Curieusement, alors que paraît-il le livre de Bégaudeau dépeint un professeur qui s'estime supérieur à ses collègues sur la gestion pédagogique de sa classe, le film en fait une charge
véritablement accablante, à nos yeux, celui d'un homme incapable d'autorité au sens normal du terme, c'est-à-dire d'être respecté par ses élèves car ne se situant pas à la place qui devrait être
la sienne. Une charge véritablement accablante, à nos yeux, contre un homme qui passe son temps à essayer de ne pas utiliser de sanctions, les écartant par principe comme anti-pédagogiques.
Mais - sans décider si c'est volontaire ou pas - le film trace au moins en creux la raison de ce qui ressemble à un échec. Et cela renvoie à une problématique qui nous est familière ici : celle
de la déperdition de l'autorité. Résumons-le d'un trait, et tant pis si c'est caricatural : c'est l'individualisation de tous les rapports sociaux, réfractée au sein de l'établissement
scolaire.
Ici, pas de syndicat à l'horizon (mais pourquoi donc le SNES, syndicat majoritaire des collèges, organise-t-il des projections-débats autour de ce film partout en France?).

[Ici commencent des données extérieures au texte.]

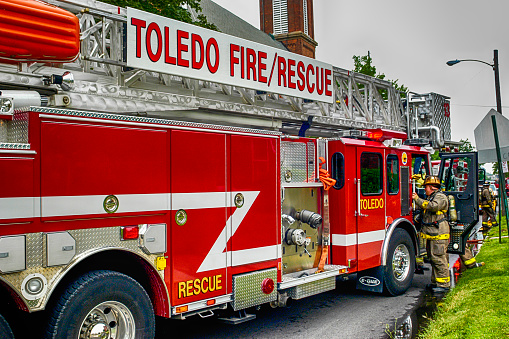 Toledo, OH, USA - July 2, 2006: Firefighters at a house fire in the suburbs of Toledo, Ohio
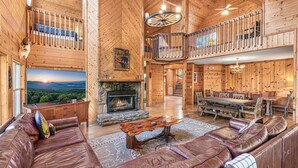 A spacious log cabin interior with a fireplace, leather seating, a dining area, and a balcony.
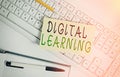Handwriting text writing Digital Learning. Concept meaning accompanied by technology or by instructional practice White keyboard Royalty Free Stock Photo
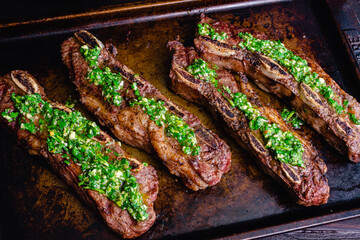 Argentinean-Style Grilled Short Ribs With Chimichurri: Barbecued flanken beef ribs topped with chimichurri sauce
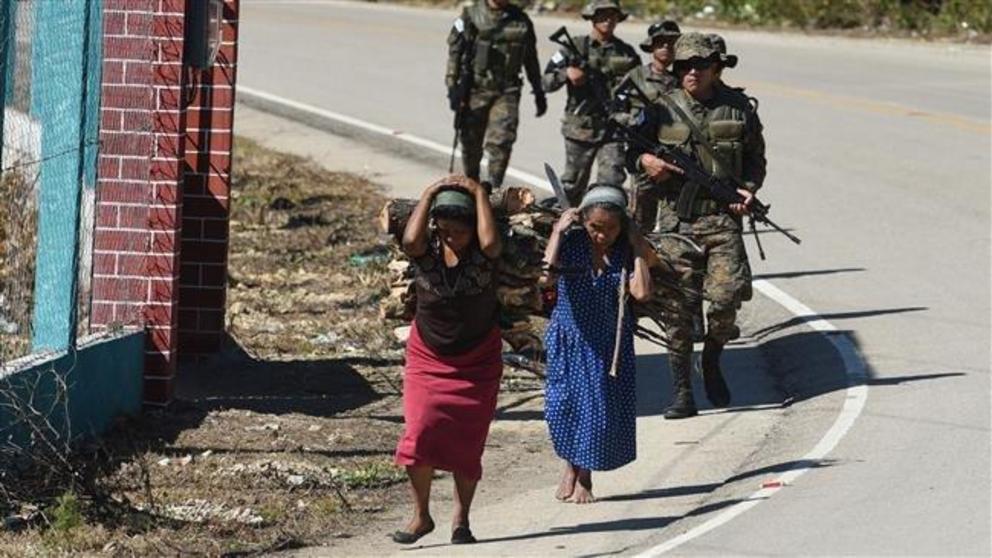 Indigenous women carry firewood on their backs and a group of soldiers walk near Yalambojoch, home village of eight-year-old migrant Felipe Gomez, who died in a medical center in Alamogordo, New Mexico, United States, on December 24, while in custody of U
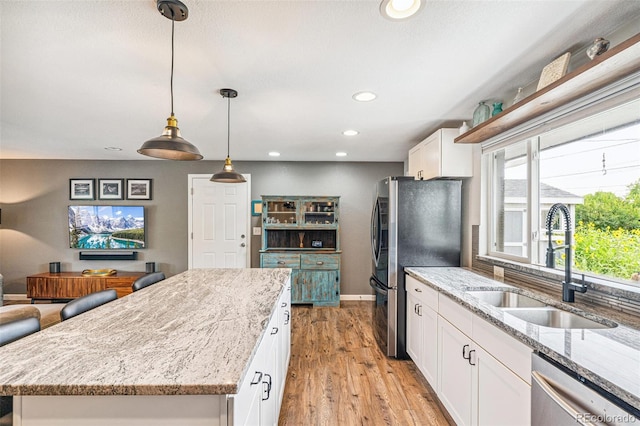 6066 Simms St, Arvada, CO 80004 - kitchen featuring appliances with stainless steel finishes, white cabinets, light stone countertops, a center island, and recessed lighting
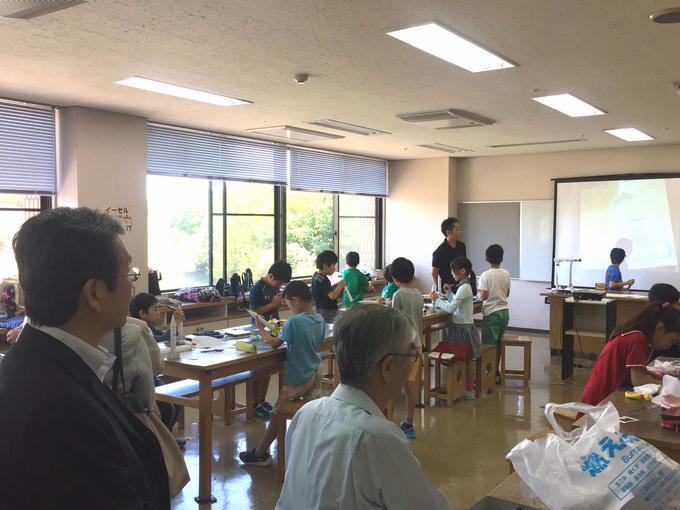 日進市民会館にて行われた少年少女発明クラブの活動を見学している男性の写真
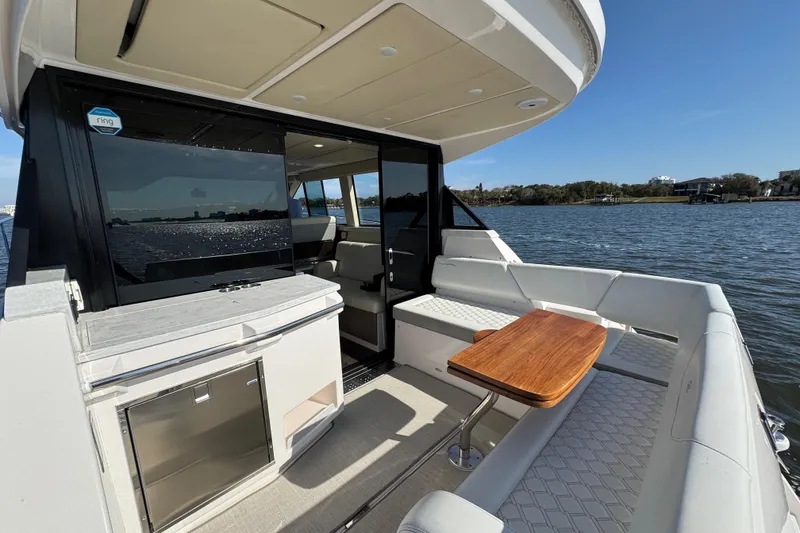 Slide: The Image of 2021 Regal 38 XO yacht interior with seating, table, and water view. - 28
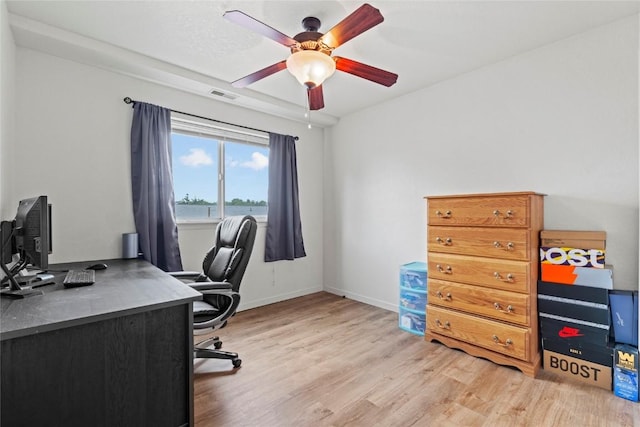 3107 Johnson Ave NW Unit 4, Cedar Rapids, IA 52405 - home office featuring light wood-type flooring and ceiling fan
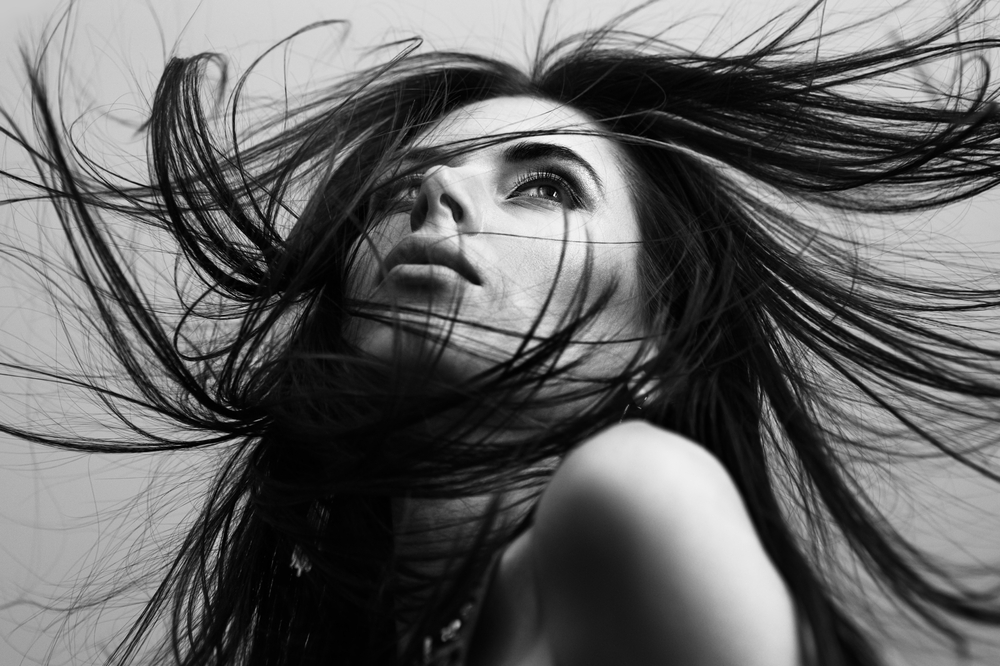 portrait of a woman with flying hair BW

Un refus affirmé du travail en équipe. La solitude naturelle du professeur devant ses élèves est en quelque sorte exacerbée, et même revendiquée, sans qu'aucune réflexion collective ne semble
exister, alors qu'un problème avec une classe rejaillit nécessairement sur toute l'équipe pédagogique, nolens volens.
Et la gestion de la classe est elle-même comme atomisée, fragmentée : dès lors qu'un gamin s'exprime, sur des sujets étrangers au cours s'entend, le professeur entame une sorte de dialogue avec
lui qui entraîne forcément l'éparpillement, la gestion d'une collection d'individus et non celle du collectif.

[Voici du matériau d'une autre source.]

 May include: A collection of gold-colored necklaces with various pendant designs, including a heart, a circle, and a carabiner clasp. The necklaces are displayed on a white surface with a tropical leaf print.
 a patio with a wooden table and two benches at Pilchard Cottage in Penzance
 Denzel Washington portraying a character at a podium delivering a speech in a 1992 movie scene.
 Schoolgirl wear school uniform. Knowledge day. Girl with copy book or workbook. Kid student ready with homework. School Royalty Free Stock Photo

En ce sens, entre les murs est dans l'air du temps, quoique, on y reviendra sur ce blog, les temps soient appelés à changer.
A nos yeux ce film, ou plutôt ce semi documentaire, souligne que c'est l'individualisme qui a marqué nos deux dernières décennies qui implique la déperdition de l'autorité, ou, pour paraphraser
l'excellent livre du défunt Gérard Mendel sur l'histoire de l'autorité, la pénétration dans toutes les sphères sociales des rappors capitalistes sans contrepoids.

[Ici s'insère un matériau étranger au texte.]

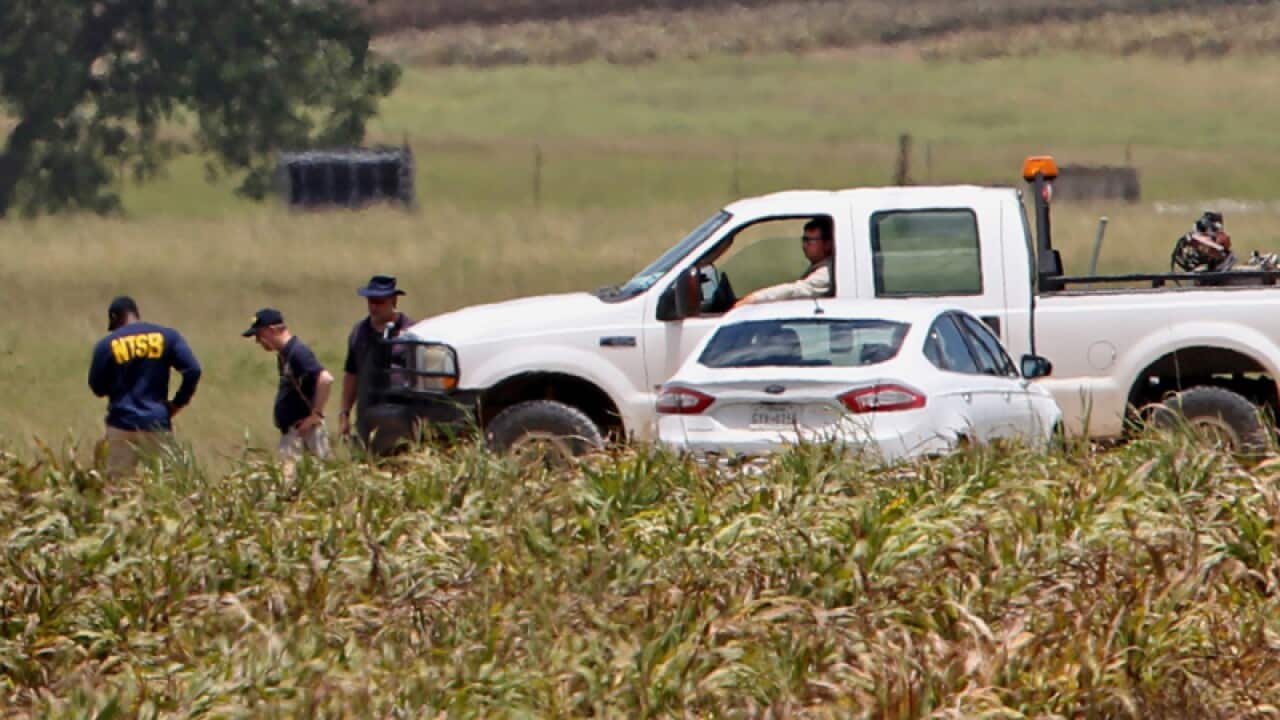 Investigators at the scene of an air balloon crash in Texas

Et le résultat n'est pas beau à voir.
Mais si ce film/documentaire interroge, il ne donne qu'à voir, pas tellement à penser - superficiel comme l'est à l'évidence la pensée de Bégaudeau, ce qui nous ramène à notre interrogation
initiale : mais pourquoi lui donner la palme d'or? Une hypothèse : c'est pour ne pas couronner systématiquement les frères Dardenne!